Introduction
The relationship between the users as well as the health services is essential to strengthening the quality of care. However, the Lesbian, Gay, Bisexual and Transgender persons suffer from many factors that contribute to them not getting the health care services they need. More so, they suffer from issues of prejudice and discrimination in their quest from access to services of health care. The right to health is universal and results from a big political mobilization. The reality is that many countries are crossed with the frame of exclusion as well as a violation of the fundamental human rights especially for the LGBT which is a minority group.
Homosexuality reflects on the new forms of expression which is a condition in which individuals tend to seek emotional satisfaction with individuals of the same sex (Meyer, 2013). There has been the creation of LGBT movement which consolidates worldwide to denounce the violations of human and social rights that have a relationship with the homosexual population claiming equal rights of the access to healthcare services.
Biological factors contributing to the failure of LGBT from accessing health care services include the fact that these individuals are more prone to health problems such as mental disorders and obesity cases especially for women compared to the normal beings and their cases needed to be treated more critically (Cochran, et al. 2003). These individuals are of poor health because they are at risk for certain sexually transmitted infections. These biological factors may bar them from getting the healthcare they need.

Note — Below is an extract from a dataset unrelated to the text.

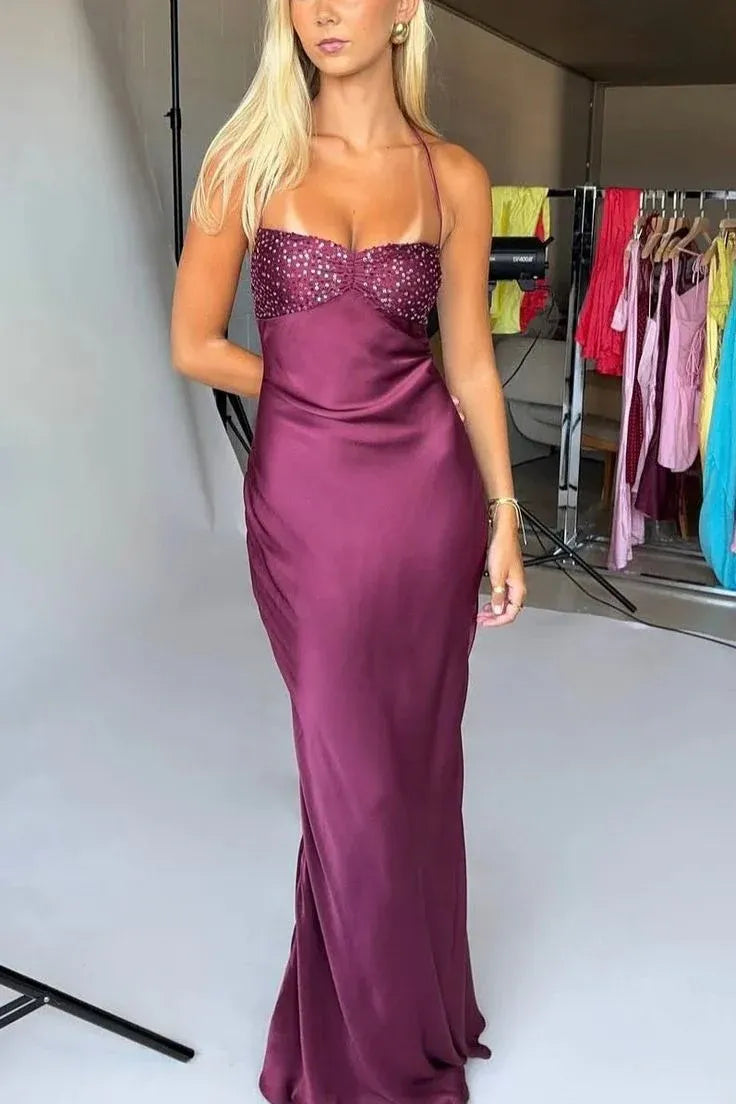 Mermaid Spaghetti Strap Lace-Up Back Beaded Bustier Floor-Length Evening Gown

Psychological factors include the fact that these individuals have negative attitudes and behaviours on the disorders they have. Their psychological factors can either influence the physical conditions directly or indirectly where the direct factors lead to physical complications because they have psychological issues. Their conditions can result in depression which directly leads to insomnia.
The environmental factors especially refer to the people around them the LGBT persons have faced social stigmatization. These people are vulnerable to STD such as HIV/AIDS, most health conditions, hence they require preventive practices and access to health care strategies. The people around them need to make sure that they support their medication by involving themselves in helping them to reduce their exposure to conditions that may be harmful to them.

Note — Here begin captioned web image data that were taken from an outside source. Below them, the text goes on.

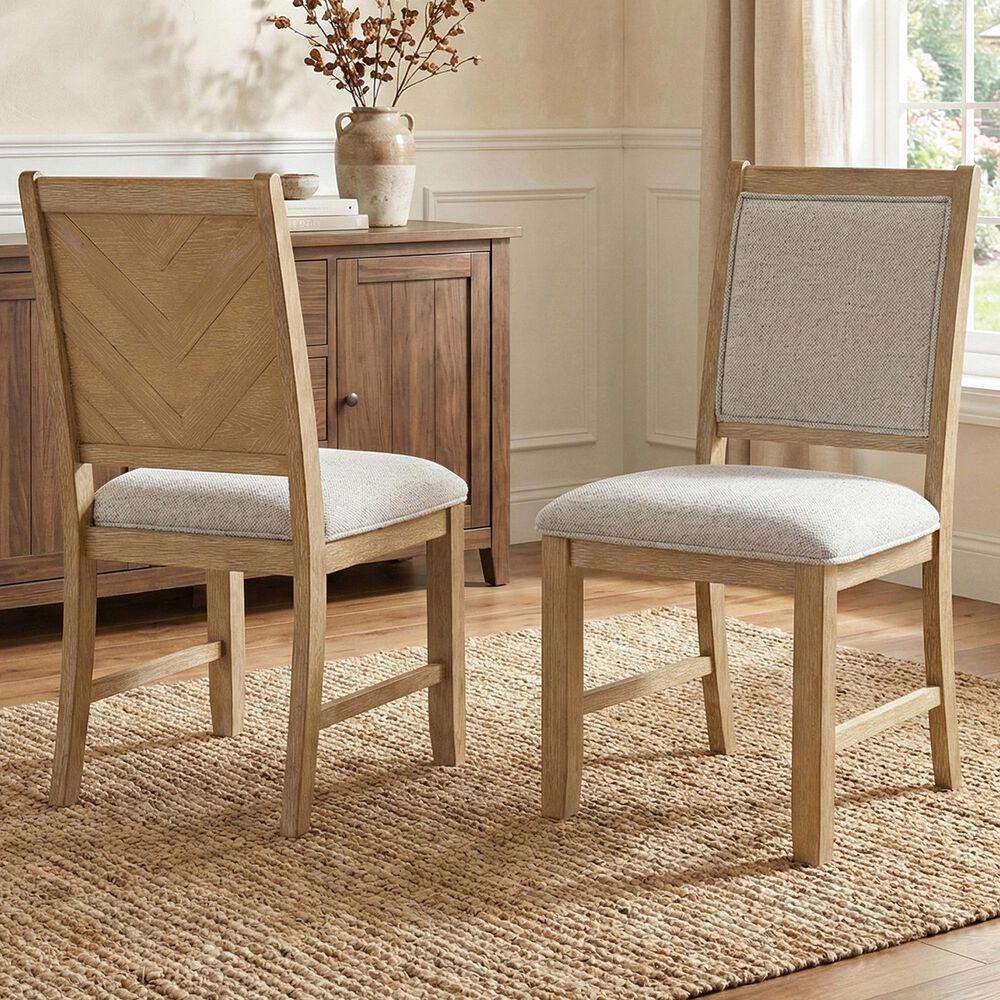 Furniture of America Virex Upholstered Side Chair in Natural (Set of 2), , large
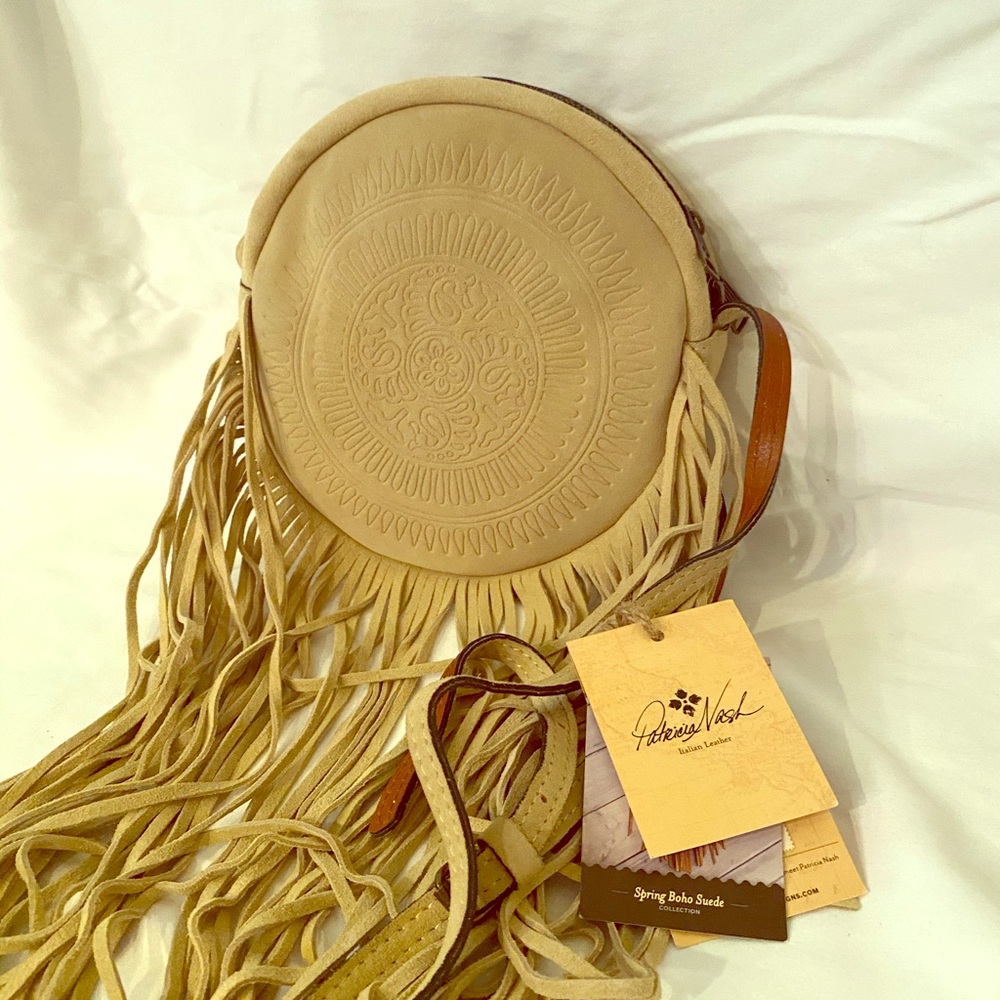 Patricia Nash suede tambourine crossbody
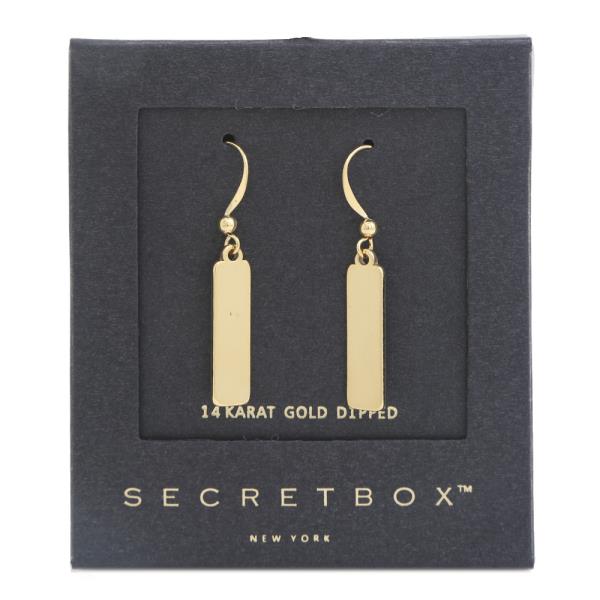 Rectangle Plate 14K Gold Dipped Earring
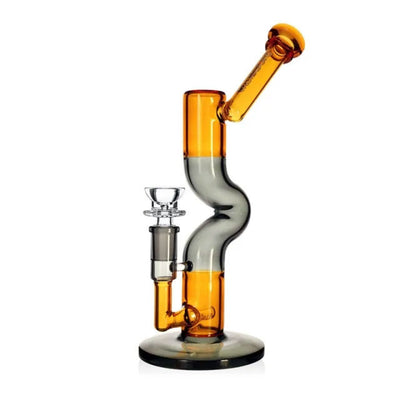 Phoenix Star: 9.5" Zong Bubbler Bong With Inline Peculator - (HF112)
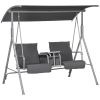 2-Seater Outdoor Porch Swing with Canopy and Table, Patio Swing Chair for Garden, Poolside, Backyard, Gray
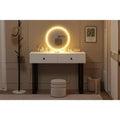 Coiffeuse moderne avec miroir rond, double tiroir et éclairage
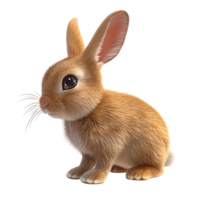 AI generated A high-quality 3D rendering of an adorable animated bunny with large expressive eyes. png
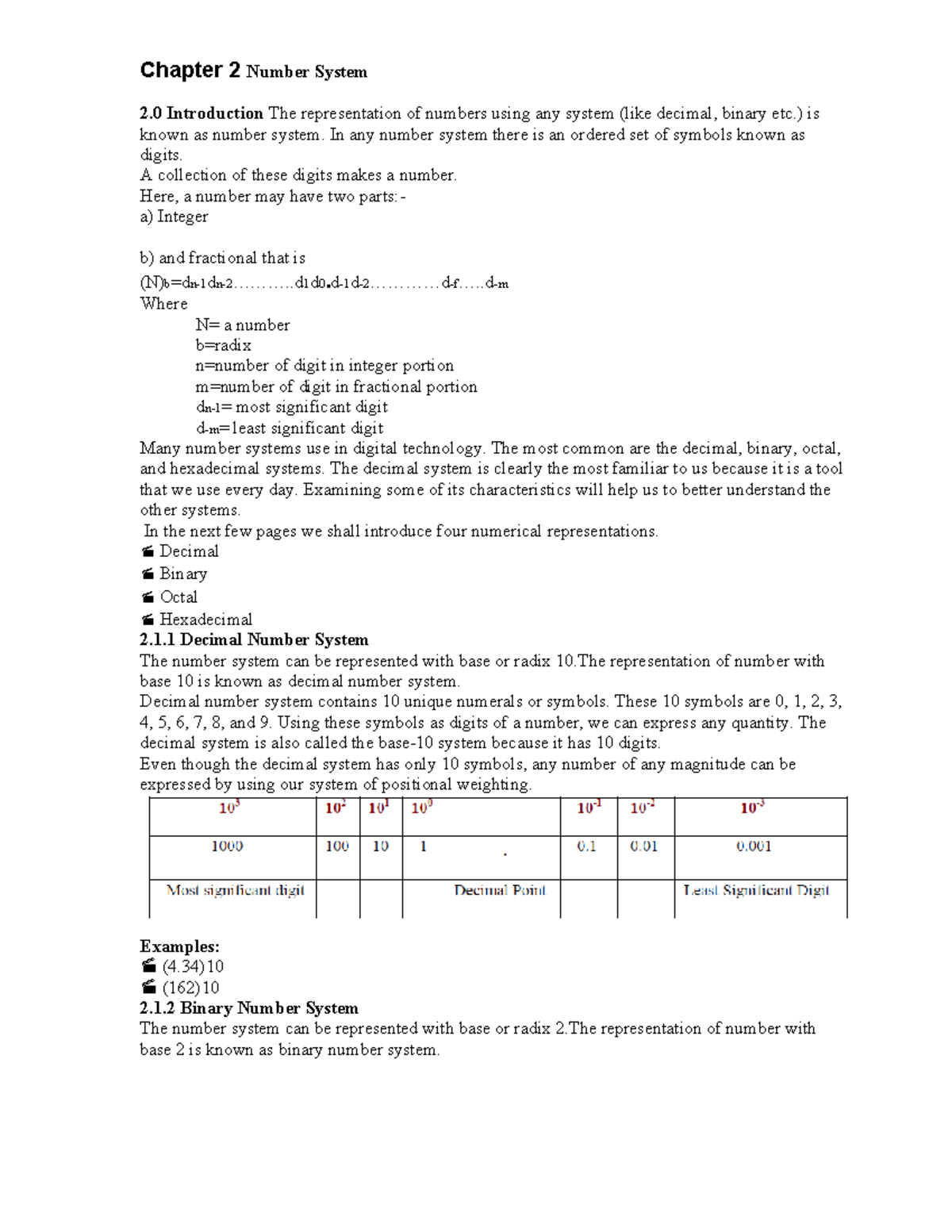 Number System - Learning Purposes - Chapter 2 Number System 2 ...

The behavioral factors concern the understanding of the interactions between the brain functions and the behavior enriched by advances in behavioral neurology (Mayer, et al. 2008). Some of the behavioral factors include their strong influence in tobacco and alcohol use, physical activities, diet, sexual practices and screening of the disease which bar them from good medication. It is such that their sexual practices have them feeling like outcasts and perceive that they may not be adequately taken care of by the healthcare facilities.
The health system factors in the aspects of mortality, stage distribution and evaluations of patients may make the persons fear to seek medical attention (Addis, et al. 2009). They find it hard to explain their conditions to medical care providers. The associated treatment outcomes may affect these individuals because the approach may not be the expected one.

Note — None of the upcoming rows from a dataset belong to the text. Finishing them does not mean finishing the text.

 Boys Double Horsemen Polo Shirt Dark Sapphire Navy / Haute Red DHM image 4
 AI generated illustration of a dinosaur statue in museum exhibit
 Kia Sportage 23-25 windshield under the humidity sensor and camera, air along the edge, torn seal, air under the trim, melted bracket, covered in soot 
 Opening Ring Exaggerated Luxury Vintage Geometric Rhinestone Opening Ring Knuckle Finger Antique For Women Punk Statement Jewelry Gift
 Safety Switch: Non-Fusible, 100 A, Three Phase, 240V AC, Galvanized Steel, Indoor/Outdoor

The socio-cultural factors also affect LGBT persons. These include the likes of aesthetics, education, their language, law and politics, religion, the social organizations, technology and the cultural values which may differ from the rest. Hence, their access to health care is limited.
References
Addis, S., Davies, M., Greene, G., MacBrideStewart, S., & Shepherd, M. (2009). The health, social care and housing needs of lesbian, gay, bisexual and transgender older people: a review of the literature. Health & social care in the community, 17(6), 647-658.
Cochran, S. D., Sullivan, J. G., & Mays, V. M. (2003). Prevalence of mental disorders, psychological distress, and mental health services use among lesbian, gay, and bisexual adults in the United States. Journal of consulting and clinical psychology, 71(1), 53.
Mayer, K. H., Bradford, J. B., Makadon, H. J., Stall, R., Goldhammer, H., & Landers, S. (2008). Sexual and gender minority health: what we know and what needs to be done. American journal of public health, 98(6), 989-995.
Meyer, I. H. (2013). Prejudice, social stress, and mental health in lesbian, gay, and bisexual populations: conceptual issues and research evidence.